No more cooling system running 225-235.
Graham
 
vms4evr,
Thanks my problem seems to be that in traffic the coolant temp wants to get to 230-235 and the fans are running but it won't come down until back out of traffic running 50-60 for a bit. I haven't been checking the oil temp. Seems like I may need flushing or the radiator is clogged. I can live with the 200 but should it not go down to that with the fans on even in traffic. And if you can please tell me exactly what closed loop means.
Thanks
 
Open loop happens right when you start the car. The engine is cold obviously and not as effecient as when it is warmed up. So the computer makes some air/fuel mixture adjustments to make driveability better. Once the car is warmed up it goes into Closed loop and the computer makes different adjustments to air/fuel etc. The engine is now operating at acceptable temps for normal adjustments to occur.
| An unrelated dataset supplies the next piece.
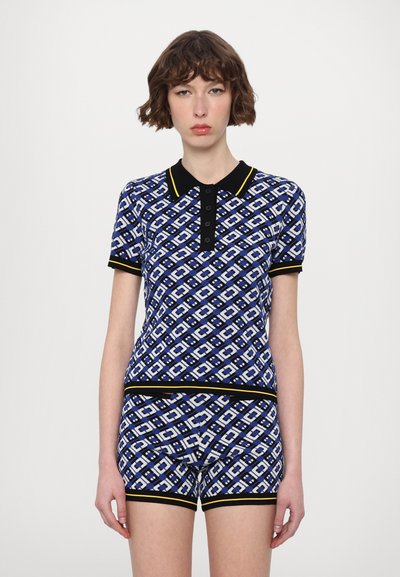 Ensemble de polo et shorts en bleu marine avec un motif en losanges blanc et bleu clair, doté d'un col noir et d'une bordure jaune.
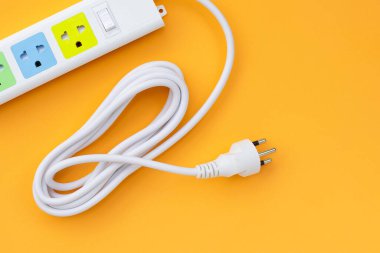 Elektrik kablosu ve fişi sarı arka planda. Üst görünüm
It gets a lot more detailed but I've never gotten much past that. All computer controlled cars do this. It makes it more driveable when cold and is also supposed to help keep emission levels down on a cold engine.
 
hey there,
your temps probably arent coming down because your fans are on at 230* so it starts to cool off,then when it hits 220* the fans go off again,even with a 160* t-stat your temps will not stay that low unless you get a bigger radiator and have the fans come on much sooner ,i had an 89 and had the fans on all the time with a 160* t-stat and the temps would be 170* and about 190* in heavy traffic,now if i turn the a/c on it would get to 205*because the a/c condensor is in front of the radiator and that bugger gets pretty hot,then the fans pull the hot air threw the radiator,like i said,that was my situation,but in the staging line at the track my a/c was not on,and remember my fan never shut off,so the temp would get down to 170*.heat above 210*will really kill some power.i was going to get a bigger radiator,but i got a c5 instead.now im going thru this all over again.160* t-stat and fan controls are on the way.now at the track(with c5) i run the a/c to kick the fans on but it only gets down to 205*because the damn a/c condensor is also hot,and the fan is pulling the hot air thru radiator.with a/c on the fans only come on in low,i need the fan control to kick the fans in high and shut off the damn a/c,the c5 is even more heat sensitive,anyway,good luck,later,Todd.oh ya,open loop is a pre-set fuel/air etc..,no o2 sensor,closed loop o2 now controlling air/fuel.thats the basics anyway.:D
 
This might work for your situation. I put a lower temperature cooling fan switch in my car, fans turn on at 200 and off at 180. The temperature may go up to 210 on a hot day in traffic with the AC on, but thats as high as it gets. I used to get way up there in the 240 to 250 range, made me worry a lot! Thermostat doesn't seem to have an effect on this from what I have tried in the past, the fans seem to have the greatest effect. Do you have an auxilary fan in front of the radiator? If not then adding one will help a lot to bring the temperature right down once the low temp switch kicks in. Switch and fans are available from all the regular Vette vendors and I think TPIS also carries the switch. The switch goes on the left side head, i think about between the #1 and #3 spark plugs. If you already have a switch there then you may have the auxiliary cooling fan already installed in you car. I beleive the factory switch is set to come on at the higher temps, you can replace it with a low temp one. The switch will come with full instructions on how to wire it in properly. Engine runs great! Can't verify any horsepower gain from it but it does run great and doesn't seem to knock at all when I stand on it now. It used to knock a bit when it ran at the higher temps.